Nobel Prize to AI Stalwarts

This Year’s (2024) Noble Prize for Physics has been announced for John Hopfield, a US scientist and Geoffrey Hinton, British- Canadian scientist. These two join the league of past winners including superstars of science — Albert Einstein, Neils Bohr and Enrico Fermi.

Geofrey Hinton (76) has been widely credited as one of the godfathers of Artificial Intelligence. He is a professor emeritus at the University of Toronto. He invented a method that can find properties in data and carry out tasks such as identifying specific elements in pictures. He quit Google in 2023 to speak about the risks of the technology he had pioneered. He is a PhD from the University of Edinburgh, UK.

Hopfield (91), a professor emeritus at Princeton University created associative memory that can store and reconstruct images and other types of patterns in data. He is a PhD from Cornell University.

Machine Learning (ML) and Artificial Intelligence (AI) can bring enormous benefits, it may get smarter than human beings, and hence we have the responsibility for using this technology in a safe and ethical way for the greatest benefit of mankind.

Hopfield and Hinton have been developing computer algorithms that mimic the functioning of human brain in performing common tasks. Though AI has become common parlance now, the term was coined in the mid-1950s when scientists spoke of computers as intelligent machines. However, most tasks the computers accomplished were calculation-based.

Computers imitated the human brain after Hopefield’s revolutionary work in the 1980s. He built an artificial neural network, resembling the nerve cells of human brain. It enables computers to ‘remember’ and ‘learn’. Earlier Donald Hebb, a Canadian psychologist had worked on human learning (1949), and Hopfield’s artificial neural network could accomplish something similar. It was a big breakthrough. His network processed information using entire network structure and not its individual constituents as in traditional computing. His network captured an image or song pattern in one go. The network is able to recall, identify or regenerate that image or song. It enabled pattern recognition in computers.

Hinton took forward the work of Hopfield and developed AI networks that could perform much more complex tasks. Hinton introduced training to enhance the computer’s capability. He developed a method of backpropagation to enable AI networks to learn from previous mistakes and improve themselves.

The process of continuous learning and improvement by training on large datasets led to the development of deep neural networks. These had multiple layers.
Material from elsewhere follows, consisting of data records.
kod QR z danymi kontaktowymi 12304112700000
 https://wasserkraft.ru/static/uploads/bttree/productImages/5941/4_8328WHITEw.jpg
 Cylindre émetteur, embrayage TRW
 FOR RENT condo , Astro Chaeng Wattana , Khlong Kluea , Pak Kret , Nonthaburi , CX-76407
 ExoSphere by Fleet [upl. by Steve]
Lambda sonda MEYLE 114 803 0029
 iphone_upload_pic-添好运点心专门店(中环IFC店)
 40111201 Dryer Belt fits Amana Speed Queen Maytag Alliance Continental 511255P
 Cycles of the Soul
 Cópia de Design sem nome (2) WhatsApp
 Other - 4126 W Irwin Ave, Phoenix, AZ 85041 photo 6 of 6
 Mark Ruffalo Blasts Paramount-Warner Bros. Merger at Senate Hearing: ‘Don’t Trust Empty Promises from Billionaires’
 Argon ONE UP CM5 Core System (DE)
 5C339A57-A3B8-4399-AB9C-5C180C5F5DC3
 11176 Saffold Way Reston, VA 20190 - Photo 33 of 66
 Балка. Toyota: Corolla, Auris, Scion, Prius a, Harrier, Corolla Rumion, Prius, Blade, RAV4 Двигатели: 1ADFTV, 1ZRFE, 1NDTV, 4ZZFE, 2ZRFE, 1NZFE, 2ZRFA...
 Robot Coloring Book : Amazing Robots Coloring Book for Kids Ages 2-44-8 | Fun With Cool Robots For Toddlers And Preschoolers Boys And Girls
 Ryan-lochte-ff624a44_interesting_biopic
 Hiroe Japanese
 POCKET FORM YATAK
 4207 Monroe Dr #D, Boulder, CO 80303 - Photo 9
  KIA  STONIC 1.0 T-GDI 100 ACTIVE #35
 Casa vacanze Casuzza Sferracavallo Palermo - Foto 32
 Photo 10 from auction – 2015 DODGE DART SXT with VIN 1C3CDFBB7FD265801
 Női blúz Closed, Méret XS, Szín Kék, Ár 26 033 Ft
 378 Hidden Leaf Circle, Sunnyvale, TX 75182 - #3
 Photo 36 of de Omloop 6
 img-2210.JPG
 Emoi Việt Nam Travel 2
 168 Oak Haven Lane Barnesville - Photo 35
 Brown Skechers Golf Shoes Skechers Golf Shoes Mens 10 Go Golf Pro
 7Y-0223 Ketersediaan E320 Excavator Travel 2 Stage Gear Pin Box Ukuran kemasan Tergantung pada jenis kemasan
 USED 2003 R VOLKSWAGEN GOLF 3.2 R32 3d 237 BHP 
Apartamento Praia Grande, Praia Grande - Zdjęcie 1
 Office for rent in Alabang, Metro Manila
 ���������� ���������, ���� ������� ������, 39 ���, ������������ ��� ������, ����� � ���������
Deep networks learnt more complex features and patterns in large datasets.

Deep learning is the core of modern speech and image recognition, translation, voice assistance and autonomous cars.

Hinton and his students developed AlexNet that recognized images. It was a seminal moment in the development of AI.

Hinton was awarded the Turing prize in 2018. Hinton’s body of work is in computer science. Hopfield has made contribution to physics, neuroscience and biology. Hopfield’s 1982 work was borrowed from some earlier breakthroughs in physics.

This time the Nobel Committee has picked up a computer science breakthrough for Nobel. In past, it has also awarded a Nobel for work related to data storage devices such as hard drives (2007).